Uploaded by leslie.robinson

Homework Class 6

Cash without Profit versus Profit without Cash
This assignment is based on an example from a popular management book called “Financial
Intelligence: A Manager’s Guide to Knowing What the Numbers Really Mean”, Chapter 16,
Profit ≠Cash (and You Need Both). This problem illustrates the difference between profit and
cash by comparing two simple companies with dramatically different profit and cash positions.
NOTE: Your study group needs only to complete one of the scenarios below. We will discuss
both in class.
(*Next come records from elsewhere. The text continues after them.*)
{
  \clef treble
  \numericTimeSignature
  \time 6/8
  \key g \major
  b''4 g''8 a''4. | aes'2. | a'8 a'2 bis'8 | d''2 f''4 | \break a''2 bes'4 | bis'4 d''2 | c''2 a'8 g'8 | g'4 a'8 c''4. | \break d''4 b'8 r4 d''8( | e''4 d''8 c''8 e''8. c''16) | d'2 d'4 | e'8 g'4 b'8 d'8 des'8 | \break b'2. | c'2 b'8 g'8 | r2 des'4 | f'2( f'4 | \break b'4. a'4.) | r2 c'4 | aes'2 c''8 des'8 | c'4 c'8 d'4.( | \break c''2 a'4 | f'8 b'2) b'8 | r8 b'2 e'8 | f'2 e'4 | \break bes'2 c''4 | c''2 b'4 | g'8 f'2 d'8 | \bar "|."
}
I anticipate that once you complete one scenario you will be able to extrapolate
to the other, but you are certainly encouraged to complete both scenarios for practice.
Consider the following two scenarios:
Scenario A: Cash without profit (required only for even numbered study groups)
Sweet Dreams Bakery is a new cookies-and-cakes manufacturer that supplies specialty grocery
stores. The founder has lined up orders based on her unique home-style recipes, and she is
ready to launch on January 1. We will assume she has $10,000 cash in the bank, and we will
also assume that in the first three months her sales are $20,000, $30,000, and $45,000. Cost
of goods sold is 60 percent of sales, and her monthly operating expenses are $10,000.
Sweet Dreams Bakery has an agreement with its vendors to pay for the ingredients and other
supplies it buys in thirty days. The specialty grocers that Sweet Dreams Bakery sells to are
kind of precarious, and they take sixty days to pay their bills.
Scenario B: Profit without cash (required only for odd numbered study groups)
Fine Apparel is a start-up retailer that sells expensive men’s clothing. It is in a part of town
frequented by businessmen and well-to-do tourists. We will assume that Fine Apparel begins
on January 1 with $10,000 in the bank. Its sales for the first three months are $50,000,
$75,000, and $95,000. This is a healthy growing trend. Its cost of goods sold are 70 percent
of sales, and its monthly operating expenses are $30,000 because rent is very high.
As a retailer, Fine Apparel collects the money on each sale immediately. Fine Apparel was able
to negotiate good terms with its vendors, paying them in sixty days.
Professor Leslie Robinson
Financial Accounting
Required (before class)
Complete the following steps to demonstrate that you can express the financial outcome of
these scenarios using the structure and language of a set of financial statements. Focus on
what is happening to the monthly cash position.
For EACH of the first three months (i.e., you should have 3 sets of financial statements):
Step 1 – Prepare an income statement
Step 2 – Prepare a comparative balance sheet
Step 3 – Prepare a cash flow statement (use the indirect method to calculate cash flow
from operations)
Step 4A – For scenario A ONLY, complete steps 1 through 3 again but adjust all three
statements to reflect Sweet Dreams maintaining a constant cash balance of $10,000 by
funding any cash deficiencies with debt
Step 4B – For scenario B ONLY, complete steps 1 through 3 again but adjust all three
statements to reflect Fine Apparel maintaining a constant cash balance of $10,000 by using
any excess cash and investing it in Property, plant and equipment
• Assume the beginning cash is financed with $5,000 debt and $5,000 contributed capital
• Unless otherwise stated, assume debt and contributed capital do not change over time
• Ignore interest on debt
• Ignore taxes on income
• Ignore depreciation on property, plant and equipment
Upload your group’s financial statements with the required scenario completed.
Consider your answers to the discussion questions below (you do not need to hand in answers
to the questions).
Discussion Questions (during class)
1. What is happening to the cash position? What is happening to profitability?
2. What business risks can you identify by examining the difference between cash and profit?
3. How would you explain these risks using the financial statements?
4. What sort of expertise do you think you would need to run this company?